Information —
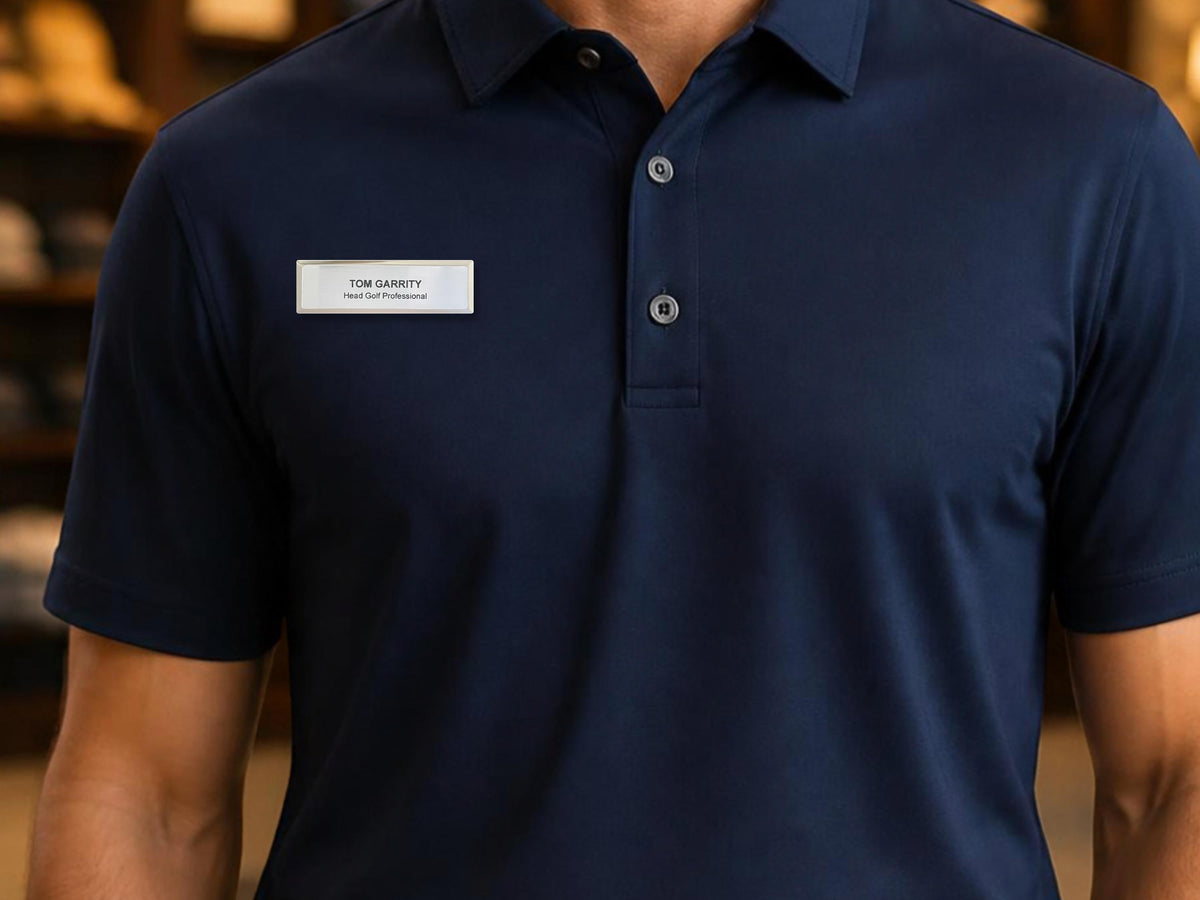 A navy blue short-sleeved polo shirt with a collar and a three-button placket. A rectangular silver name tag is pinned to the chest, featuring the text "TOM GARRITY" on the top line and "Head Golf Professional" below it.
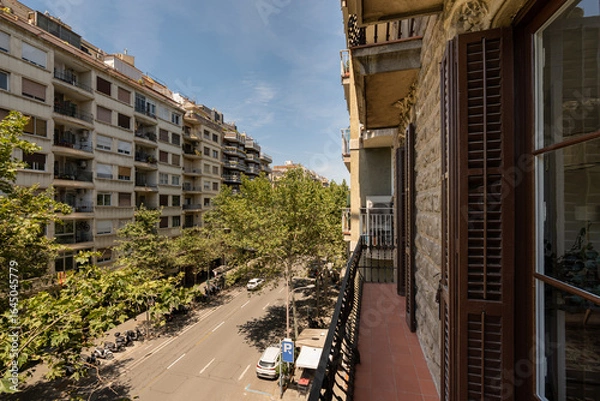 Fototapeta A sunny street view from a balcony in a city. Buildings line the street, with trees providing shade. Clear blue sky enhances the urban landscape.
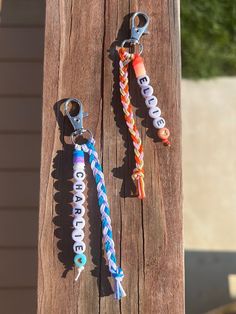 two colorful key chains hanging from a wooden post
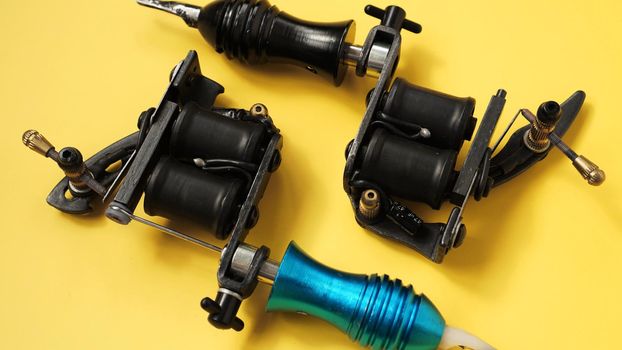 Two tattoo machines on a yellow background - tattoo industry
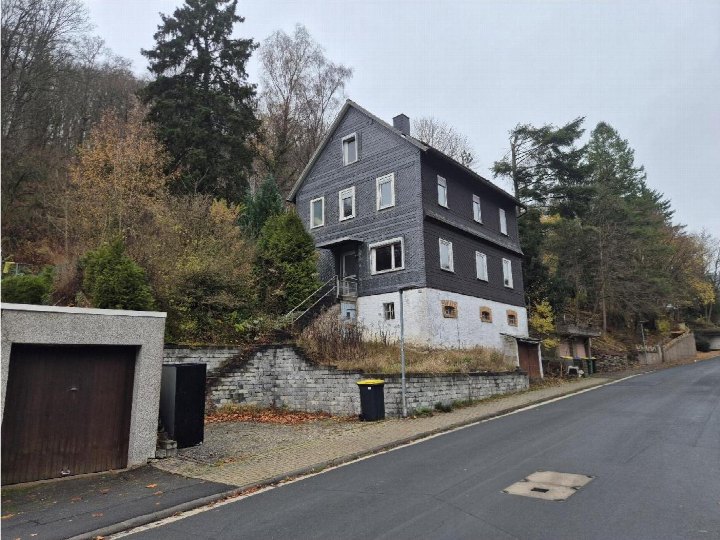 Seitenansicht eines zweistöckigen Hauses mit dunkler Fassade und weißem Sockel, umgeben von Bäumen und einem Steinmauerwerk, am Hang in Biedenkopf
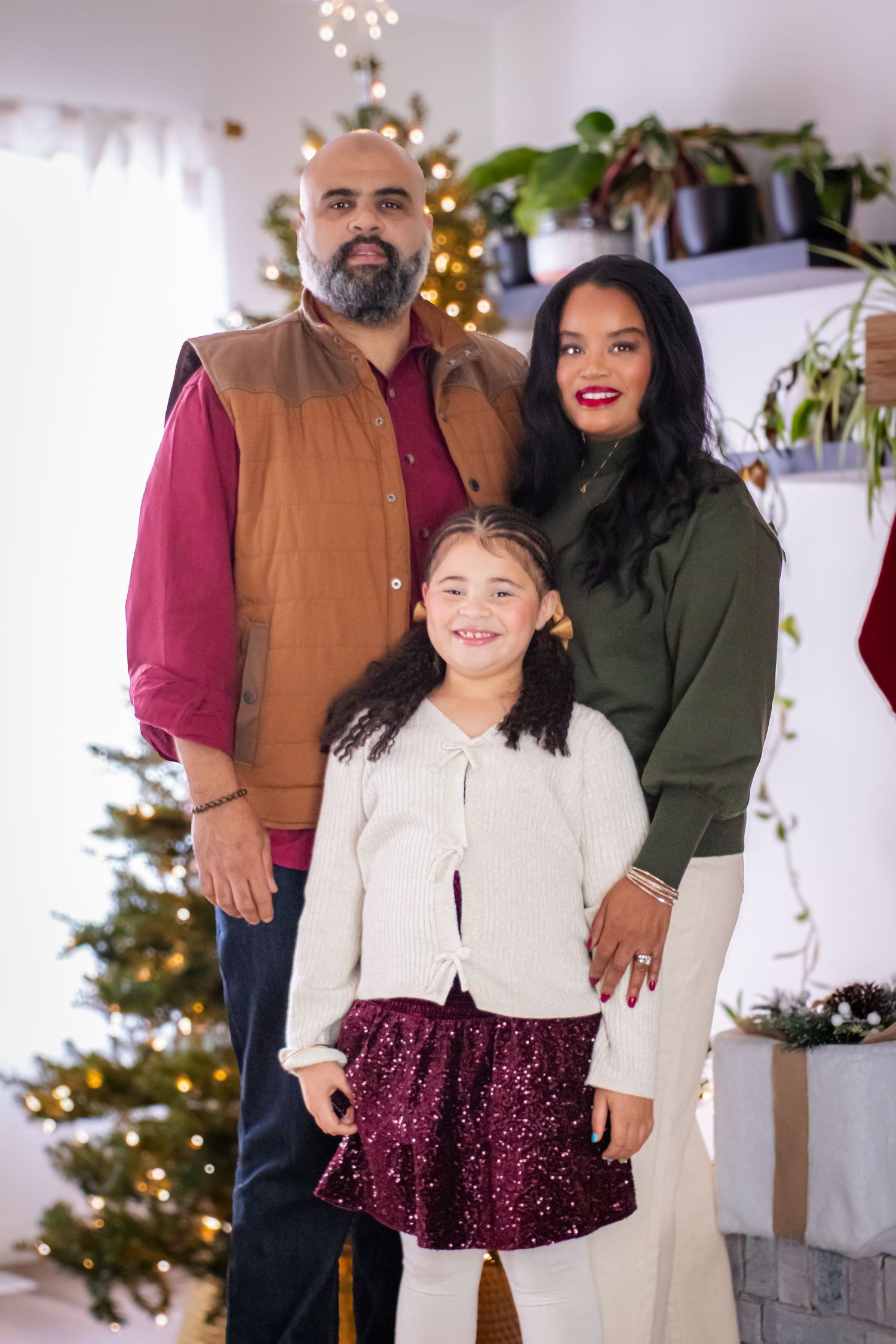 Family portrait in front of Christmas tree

Work to complete —
All of the records must come back exactly as they stand, minus every picture.

Output below —
 A navy blue short-sleeved polo shirt with a collar and a three-button placket. A rectangular silver name tag is pinned to the chest, featuring the text "TOM GARRITY" on the top line and "Head Golf Professional" below it.
 Fototapeta A sunny street view from a balcony in a city. Buildings line the street, with trees providing shade. Clear blue sky enhances the urban landscape.
 two colorful key chains hanging from a wooden post
 Two tattoo machines on a yellow background - tattoo industry
 Seitenansicht eines zweistöckigen Hauses mit dunkler Fassade und weißem Sockel, umgeben von Bäumen und einem Steinmauerwerk, am Hang in Biedenkopf
 Family portrait in front of Christmas tree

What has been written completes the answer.